For my first party I made the invitations out of legal size paper. I drew a wolf bottom jaw on the bottom of the paper, turned it around to the other end (not flipped) and drew the up part of the wolfs face. Then I folded the sheet into 3 sections so the the top and bottom of the wolf came together to create the whole face. I then put some small slices in the page in crutial spots so that I could refold and make the jaws move. When it was all folded and finished it was real cool. If you'd like to see the first rough draft I did back then, email me and I'll seed you a copy.

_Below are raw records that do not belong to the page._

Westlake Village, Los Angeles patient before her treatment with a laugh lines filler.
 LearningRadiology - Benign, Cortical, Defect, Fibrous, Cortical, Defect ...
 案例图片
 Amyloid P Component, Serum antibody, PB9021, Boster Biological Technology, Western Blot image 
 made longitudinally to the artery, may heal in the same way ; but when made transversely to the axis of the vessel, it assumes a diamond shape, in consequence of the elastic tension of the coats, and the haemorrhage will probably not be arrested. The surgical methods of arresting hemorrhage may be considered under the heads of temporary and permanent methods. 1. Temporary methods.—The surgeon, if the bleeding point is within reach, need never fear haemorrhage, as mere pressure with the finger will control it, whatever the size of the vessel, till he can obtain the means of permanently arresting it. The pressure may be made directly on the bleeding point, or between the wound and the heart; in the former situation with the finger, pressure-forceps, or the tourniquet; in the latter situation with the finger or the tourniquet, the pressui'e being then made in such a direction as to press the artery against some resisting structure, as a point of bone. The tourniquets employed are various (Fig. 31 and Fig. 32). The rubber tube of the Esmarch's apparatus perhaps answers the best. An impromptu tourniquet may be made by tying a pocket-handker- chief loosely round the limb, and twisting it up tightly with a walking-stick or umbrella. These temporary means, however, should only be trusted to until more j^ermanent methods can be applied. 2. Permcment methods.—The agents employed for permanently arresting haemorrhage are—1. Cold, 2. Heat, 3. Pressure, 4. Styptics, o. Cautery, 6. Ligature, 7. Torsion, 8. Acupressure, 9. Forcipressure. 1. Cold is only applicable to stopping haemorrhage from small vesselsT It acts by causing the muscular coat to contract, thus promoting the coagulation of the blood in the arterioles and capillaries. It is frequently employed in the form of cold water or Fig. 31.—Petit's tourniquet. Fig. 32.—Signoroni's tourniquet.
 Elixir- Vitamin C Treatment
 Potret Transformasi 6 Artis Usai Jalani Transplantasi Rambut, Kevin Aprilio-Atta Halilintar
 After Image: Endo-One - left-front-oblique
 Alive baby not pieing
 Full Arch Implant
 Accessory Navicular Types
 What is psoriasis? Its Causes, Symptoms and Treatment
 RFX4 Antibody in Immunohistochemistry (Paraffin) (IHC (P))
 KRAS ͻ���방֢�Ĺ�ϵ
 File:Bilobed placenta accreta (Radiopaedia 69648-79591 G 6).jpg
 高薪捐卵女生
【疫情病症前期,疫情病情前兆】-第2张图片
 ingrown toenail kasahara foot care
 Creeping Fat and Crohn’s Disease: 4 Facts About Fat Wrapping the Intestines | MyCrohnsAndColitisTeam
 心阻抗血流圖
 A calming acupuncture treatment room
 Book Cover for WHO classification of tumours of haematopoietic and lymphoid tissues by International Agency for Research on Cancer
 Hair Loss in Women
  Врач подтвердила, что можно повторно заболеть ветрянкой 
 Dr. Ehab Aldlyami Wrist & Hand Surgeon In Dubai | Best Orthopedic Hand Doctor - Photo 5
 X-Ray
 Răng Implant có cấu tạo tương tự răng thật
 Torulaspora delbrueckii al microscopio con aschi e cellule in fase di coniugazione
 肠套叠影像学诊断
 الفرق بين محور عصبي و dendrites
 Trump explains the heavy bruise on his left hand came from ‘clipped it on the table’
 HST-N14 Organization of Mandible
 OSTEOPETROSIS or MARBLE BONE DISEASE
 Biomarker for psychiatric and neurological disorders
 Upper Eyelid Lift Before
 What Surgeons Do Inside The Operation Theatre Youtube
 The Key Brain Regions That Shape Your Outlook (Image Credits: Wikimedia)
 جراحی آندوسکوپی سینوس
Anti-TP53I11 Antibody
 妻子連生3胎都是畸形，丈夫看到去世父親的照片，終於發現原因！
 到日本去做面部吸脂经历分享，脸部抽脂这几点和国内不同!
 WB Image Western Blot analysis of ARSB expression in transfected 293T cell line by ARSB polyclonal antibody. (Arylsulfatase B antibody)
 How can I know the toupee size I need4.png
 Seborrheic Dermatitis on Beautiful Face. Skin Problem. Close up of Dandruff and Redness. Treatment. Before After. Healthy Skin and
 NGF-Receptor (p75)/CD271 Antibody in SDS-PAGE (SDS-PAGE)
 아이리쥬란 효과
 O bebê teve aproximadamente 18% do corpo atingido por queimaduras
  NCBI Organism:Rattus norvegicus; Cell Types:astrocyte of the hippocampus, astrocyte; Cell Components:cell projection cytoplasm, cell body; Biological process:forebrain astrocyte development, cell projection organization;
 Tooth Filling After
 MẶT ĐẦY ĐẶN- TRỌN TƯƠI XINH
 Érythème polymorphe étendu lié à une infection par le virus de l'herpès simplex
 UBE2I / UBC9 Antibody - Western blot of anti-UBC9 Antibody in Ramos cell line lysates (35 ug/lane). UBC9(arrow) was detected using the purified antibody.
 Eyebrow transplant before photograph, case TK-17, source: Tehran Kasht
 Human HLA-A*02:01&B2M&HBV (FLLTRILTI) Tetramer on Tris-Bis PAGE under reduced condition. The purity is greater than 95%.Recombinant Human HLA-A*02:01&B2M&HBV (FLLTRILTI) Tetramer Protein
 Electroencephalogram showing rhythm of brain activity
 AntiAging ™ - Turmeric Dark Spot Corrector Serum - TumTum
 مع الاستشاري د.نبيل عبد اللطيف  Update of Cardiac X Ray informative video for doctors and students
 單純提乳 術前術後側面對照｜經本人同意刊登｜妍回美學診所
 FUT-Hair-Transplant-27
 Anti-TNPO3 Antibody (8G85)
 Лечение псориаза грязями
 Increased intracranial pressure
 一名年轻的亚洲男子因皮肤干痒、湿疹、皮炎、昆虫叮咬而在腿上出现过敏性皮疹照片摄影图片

Now days I do my invites in Html. Then I email the html page and the pictures and just have them save to disk and open in their browser... Email me and I'll send you a sample. They work great cause I can use animated halloween gifs. (my own evite). If you want to use halloween fonts in the Html invite remember that if they don't have that font it won't look the same. So use a graphic software (even MS Paint) write the words in the font and colors of choice then save as a gif. It'll work great!

email: [email protected]


----------



## hexler (Sep 20, 2005)

Here's a link to what we sent out last year and this year. Hope everyone likes them. 

http://www.cybergraphix.com/halloween/invitations/index.htm

We also are sending out a link to a Web page I set up for this years bash. So it's whole package this year, snail mail and e-mail. _(Anyone here... close enough... who wants the link, lemme know. Any members on here are welcome always)._


----------



## hexler (Sep 20, 2005)

IowaChick76 said:


>



Those are incredible. *_in my best Napolean Dynamite voice_* Nice job IowaChick!


----------



## RainyDayGhoul (Aug 30, 2006)

I always try to do something different. The above ideas are great!! I love the attention to detail. Not sure what I'll do this year, yet!

Here are a few of prior years' invites:

A raven delivers a message:









Mad Scientist Lab Sample









Martha Stewart's Idea: Don't Forget!


----------



## colmmoo (Jul 23, 2005)

I LOVE the lab specimen! : )


----------



## IowaChick76 (Aug 6, 2006)

hexler said:


> Those are incredible. *_in my best Napolean Dynamite voice_* Nice job IowaChick!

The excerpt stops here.